How to complete this task: For the copy, please give all of the data again exactly and leave the pictures out.

Supplied data:
##############################

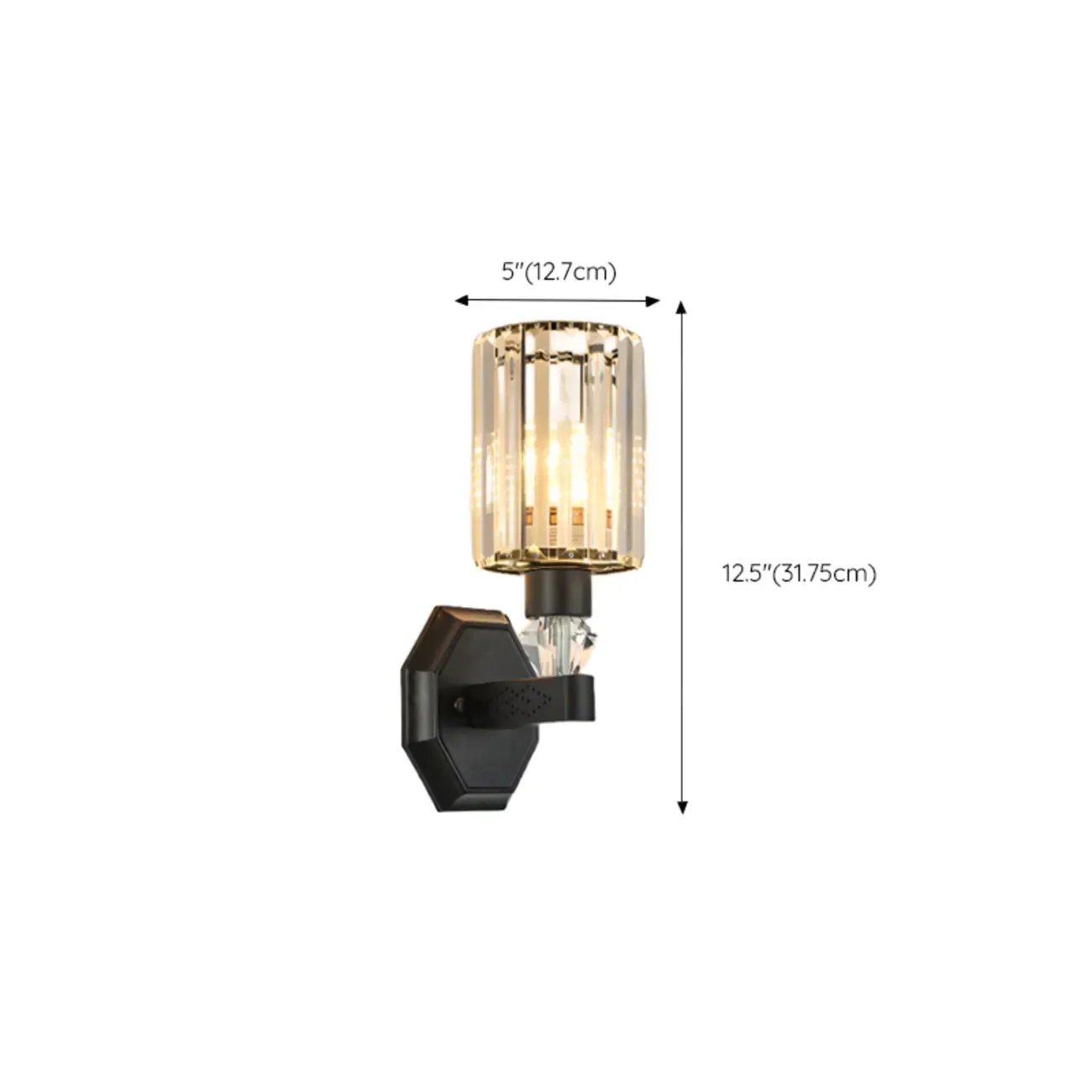 Modern Black Cylinder Glass Wall Sconce in Hardwired Image - 20
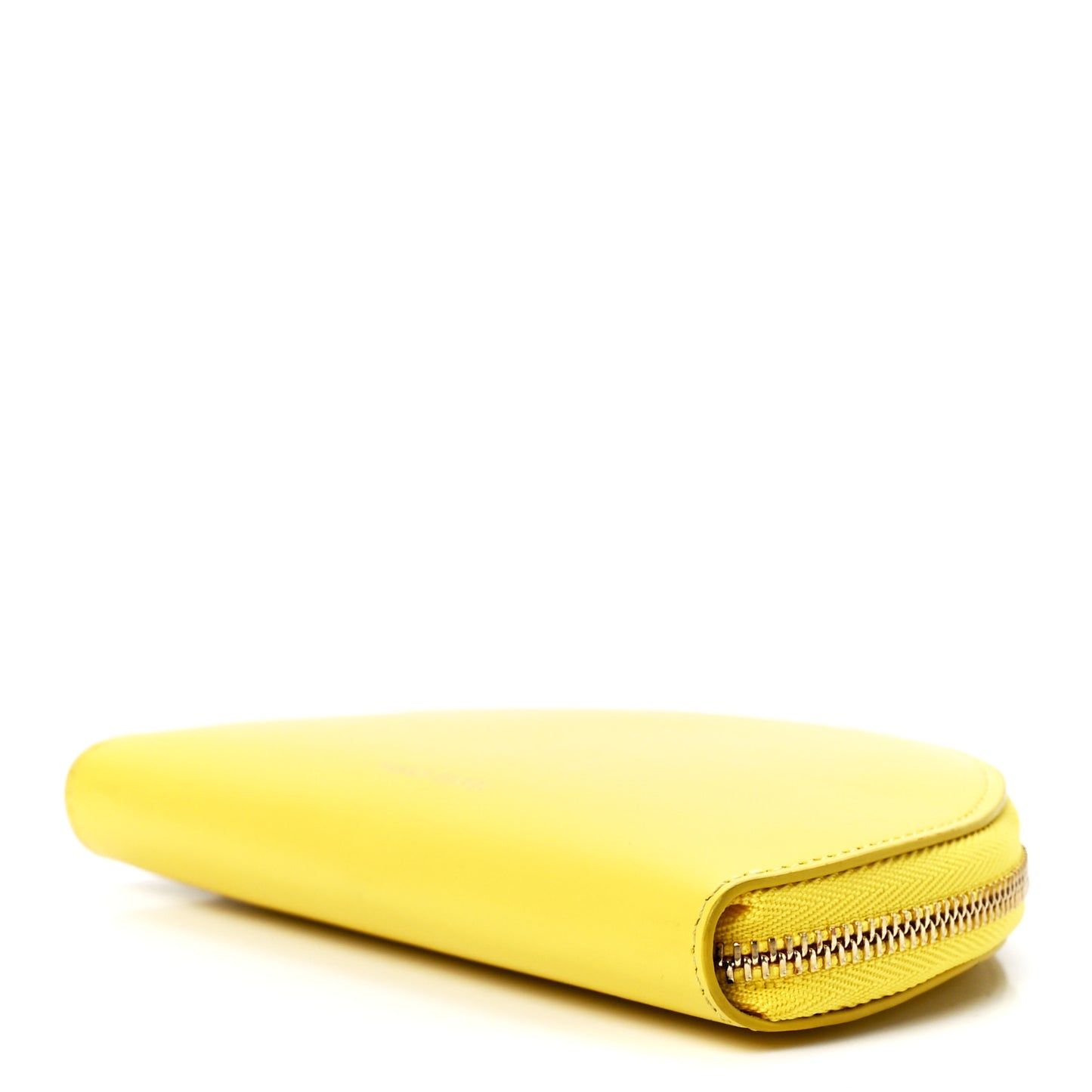 Calfskin Half Moon Clutch Yellow
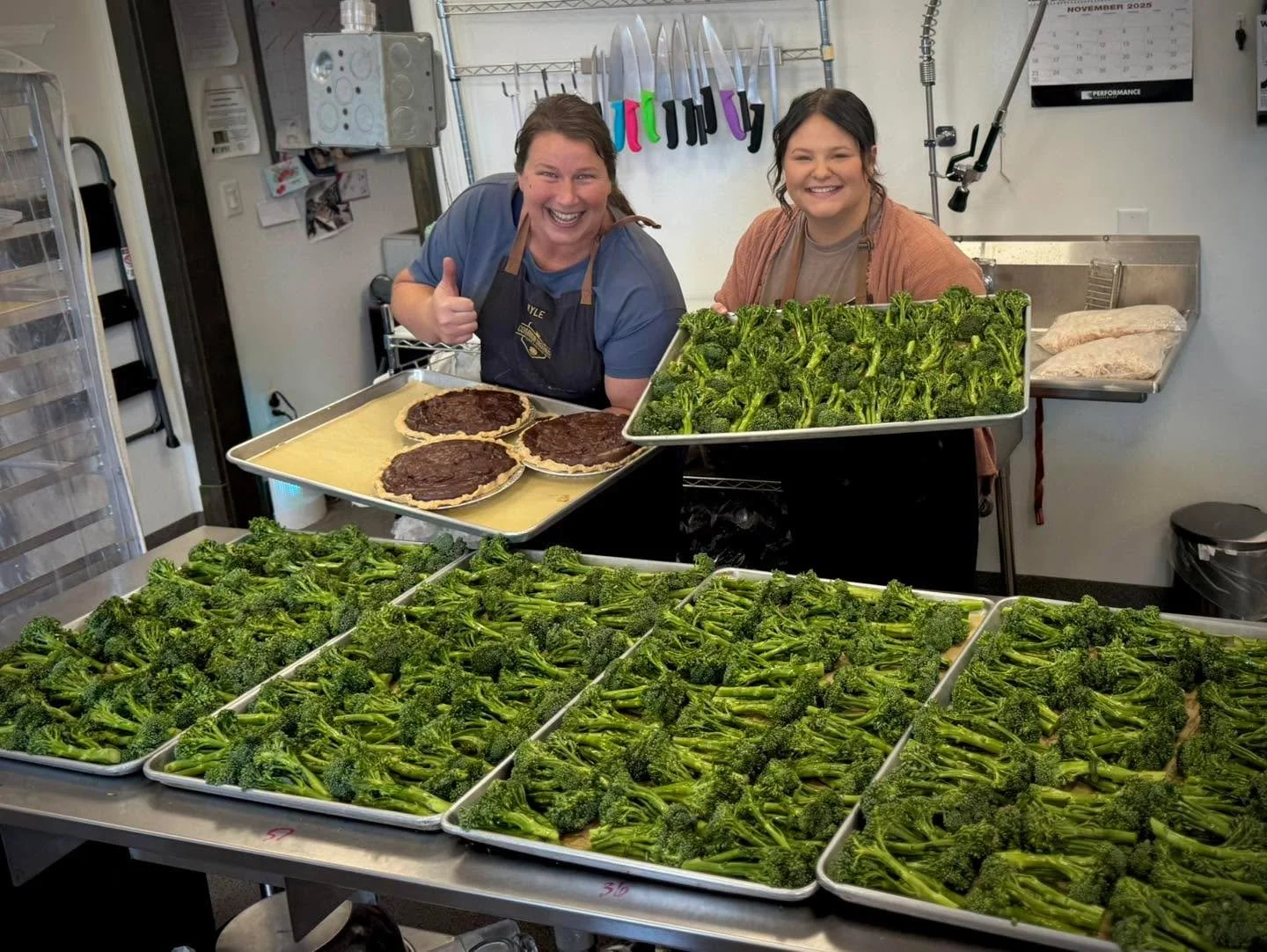 Somedays we balance out the pies with a few veggies.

##############################

Finished task:
 Modern Black Cylinder Glass Wall Sconce in Hardwired Image - 20
 Calfskin Half Moon Clutch Yellow
 Somedays we balance out the pies with a few veggies.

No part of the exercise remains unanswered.